Theologie en religie
Beschrijven van normatieve veronderstellingen en ook gedragsregels.
Recht
Regels voor gewenst gedrag.
Scheiding recht en religie
Als de samenleving zich verder ontwikkelt dan zie je dat er een scheiding ontstaat tussen recht en
religie. Het is in het belang van de individuele vrijheid om deze te scheiden. De verbondenheid is
het verschil tussen deze twee. De verbondenheid aan religieuze regels ligt aan jezelf en je eigen
keuzes.
Scheiding recht en moraal
Naast de scheiding van recht en religie is er ook een scheiding tussen recht en moraal. De
overeenkomst is dat beiden bestaan uit regels over gewenst gedrag. Er is echter een essentieel
verschil in de binding (en ditzelfde geldt voor recht en religie). De verbondenheid aan morele
regels ligt met name in je eigen autonomie en geweten. Daarnaast speelt sociale afkeuring ook
mee. Dit is een verschil met de binding aan het recht. Binding aan het recht is namelijk
onafhankelijk van de wil van een individu. Recht wordt aan mensen opgedrongen, mensen kunnen
er niet onderuit komen doordat het afgedwongen wordt door de overheid.
Hoewel deze gebieden gescheiden zijn, hebben ze echter ook overlapping. Veel regels die
voortkomen uit de religie of het moreel zie je ook terug in het recht.
Voordelen van de scheiding tussen recht en moraal
• Ruimte voor enige persoonlijke autonomie.
• Rechtszekerheid, met het moderne rechtssysteem worden normatieve beslissingen los gemaakt
van de moraal en mening van de rechtgevende. Het is gebaseerd op onafhankelijkheid en
hierdoor ben je zeker van je recht.
• Procedures voor verandering van het recht.
• Maakt technische regelgeving mogelijk. Naarmate een samenleving complexer wordt, is er meer
technische en complexe regelgeving nodig. Deze zijn moeilijk en moeten worden opgeschreven.
Wanneer is een regel een rechtsregel (en wanneer een morele of religieuze regel)?
Je moet kijken naar de bron waar de regel vandaan komt.
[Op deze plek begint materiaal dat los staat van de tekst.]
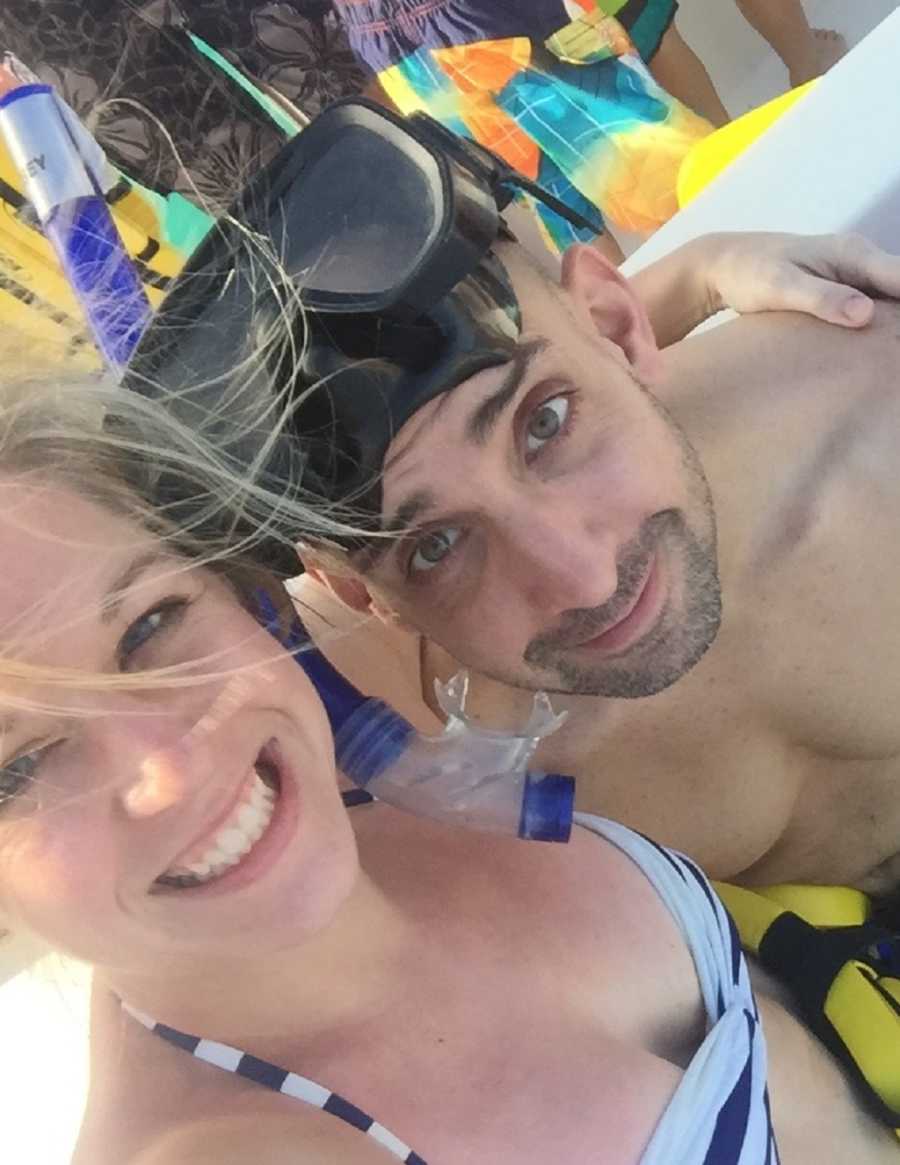 Woman smiles in selfie with husband who has since passed from drowning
Rechtsregels is alleen datgene dat
voortvloeit uit een rechtsbron.
Vier rechtsbronnen
• Wetgeving.
• Verdragen.
Deze worden ook wel het geschreven recht genoemd door juristen.
• Gewoonterecht.
• Jurisprudentie (rechter voegt dingen toe aan onvolledige wet en is niet democratisch, de Hoge
Raad is niet een goede weergave van de samenleving) .
Deze worden ook wel ongeschreven recht genoemd door juristen.
1
,Positief recht en natuurrecht
Alle rechtsbronnen samen noemen we ook wel het positieve recht. Geldend recht is het door de
mens gestelde recht. We hebben echter niet de eis dat de wet rechtvaardig moet zijn.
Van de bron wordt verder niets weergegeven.